▶ [WORK ITEM]: Note every line in the entries that contains the string "Street", and copy it.

Data entries:
# # # # #

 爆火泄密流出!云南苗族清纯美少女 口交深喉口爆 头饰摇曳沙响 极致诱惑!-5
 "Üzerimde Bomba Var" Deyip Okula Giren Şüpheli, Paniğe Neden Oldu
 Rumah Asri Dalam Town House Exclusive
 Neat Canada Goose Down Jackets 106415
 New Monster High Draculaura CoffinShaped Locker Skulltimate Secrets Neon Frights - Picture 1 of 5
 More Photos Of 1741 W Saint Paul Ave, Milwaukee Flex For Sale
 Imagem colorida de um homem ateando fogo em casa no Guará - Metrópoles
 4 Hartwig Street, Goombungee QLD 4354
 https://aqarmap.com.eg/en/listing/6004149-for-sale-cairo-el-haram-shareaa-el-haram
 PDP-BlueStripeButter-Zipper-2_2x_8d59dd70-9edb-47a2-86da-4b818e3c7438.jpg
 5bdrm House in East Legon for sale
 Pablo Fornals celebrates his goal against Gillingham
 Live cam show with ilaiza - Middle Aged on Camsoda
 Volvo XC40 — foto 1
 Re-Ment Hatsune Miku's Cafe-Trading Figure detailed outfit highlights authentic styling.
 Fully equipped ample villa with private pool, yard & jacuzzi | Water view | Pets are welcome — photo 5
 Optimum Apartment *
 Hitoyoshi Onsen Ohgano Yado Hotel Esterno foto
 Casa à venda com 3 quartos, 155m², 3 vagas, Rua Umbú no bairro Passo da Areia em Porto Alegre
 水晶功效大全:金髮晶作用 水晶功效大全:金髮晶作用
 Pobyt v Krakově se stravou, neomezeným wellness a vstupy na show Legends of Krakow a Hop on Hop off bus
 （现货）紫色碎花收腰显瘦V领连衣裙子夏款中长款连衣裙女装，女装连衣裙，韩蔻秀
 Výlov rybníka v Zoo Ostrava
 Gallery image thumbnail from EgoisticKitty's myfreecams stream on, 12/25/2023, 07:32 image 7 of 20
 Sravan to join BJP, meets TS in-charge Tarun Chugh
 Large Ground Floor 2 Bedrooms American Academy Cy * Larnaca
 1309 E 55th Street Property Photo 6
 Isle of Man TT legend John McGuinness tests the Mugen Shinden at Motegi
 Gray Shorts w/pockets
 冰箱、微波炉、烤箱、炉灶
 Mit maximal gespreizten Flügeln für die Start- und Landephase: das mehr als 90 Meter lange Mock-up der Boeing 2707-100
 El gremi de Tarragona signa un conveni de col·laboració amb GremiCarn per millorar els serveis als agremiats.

# # # # #

▶ [COMPLETED TASK]:
 4 Hartwig Street, Goombungee QLD 4354
 1309 E 55th Street Property Photo 6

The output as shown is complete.